- **Exercise brief**: Return, verbatim and in full, the records that follow, but not their pictures.

- **Data for processing**:
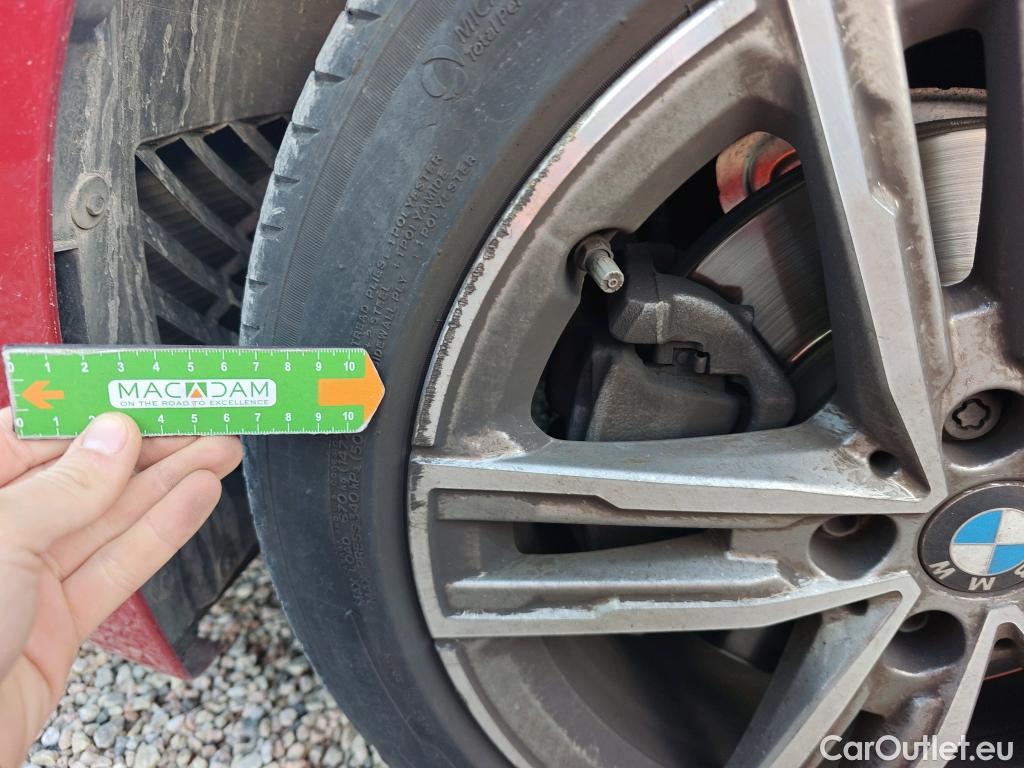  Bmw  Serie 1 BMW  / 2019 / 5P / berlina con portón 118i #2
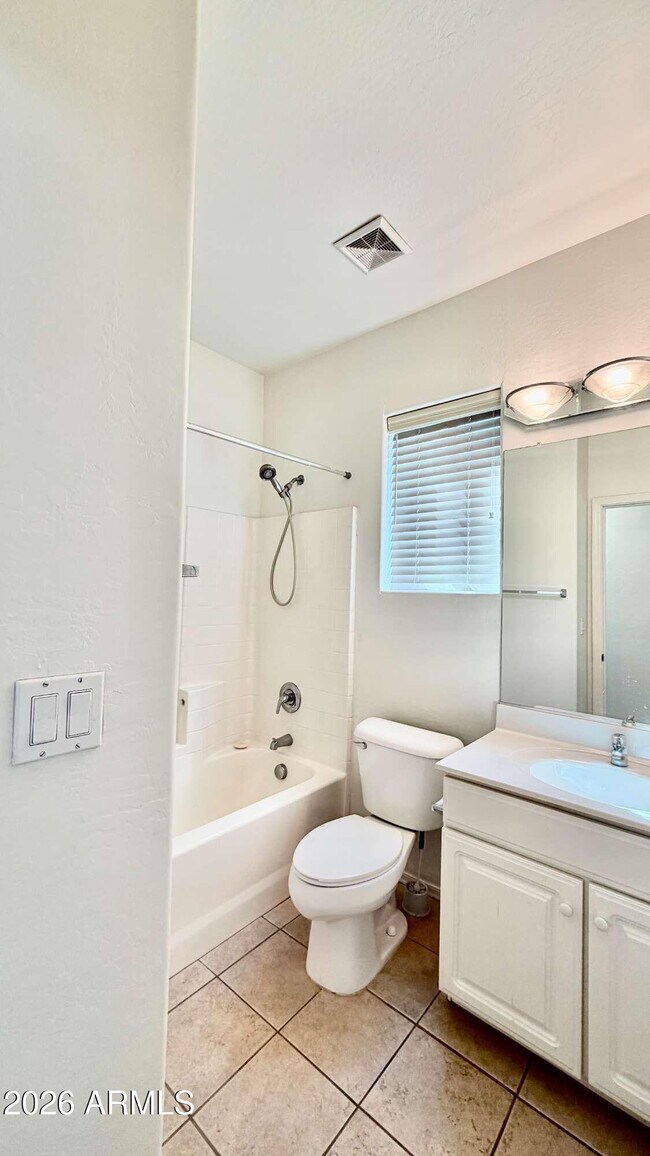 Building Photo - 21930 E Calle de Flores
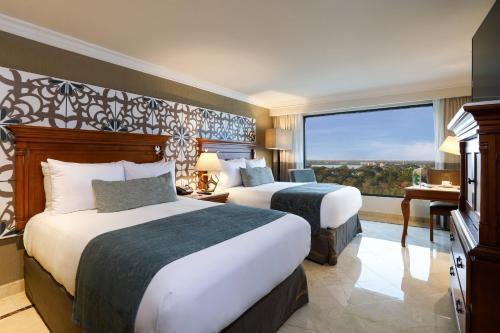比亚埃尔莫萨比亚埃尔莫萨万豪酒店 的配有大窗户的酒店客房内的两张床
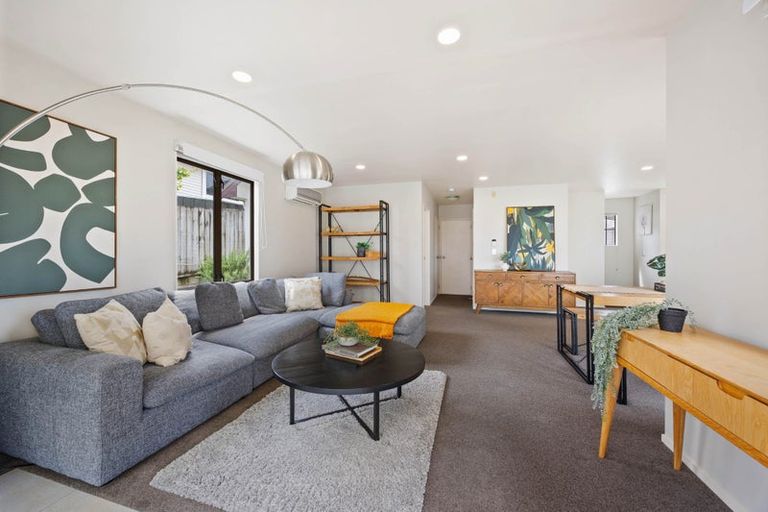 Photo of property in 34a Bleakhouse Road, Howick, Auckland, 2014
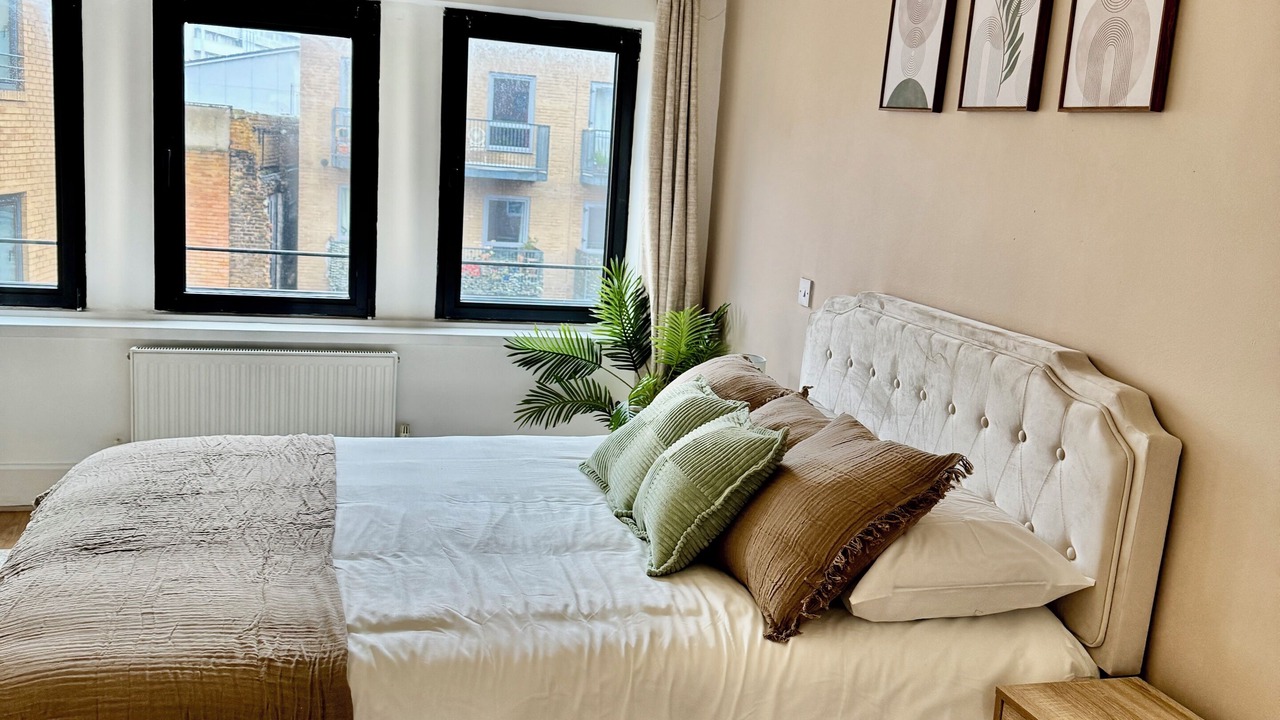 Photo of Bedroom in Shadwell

- **Answer box**:
  Bmw  Serie 1 BMW  / 2019 / 5P / berlina con portón 118i #2
 Building Photo - 21930 E Calle de Flores
比亚埃尔莫萨比亚埃尔莫萨万豪酒店 的配有大窗户的酒店客房内的两张床
 Photo of property in 34a Bleakhouse Road, Howick, Auckland, 2014
 Photo of Bedroom in Shadwell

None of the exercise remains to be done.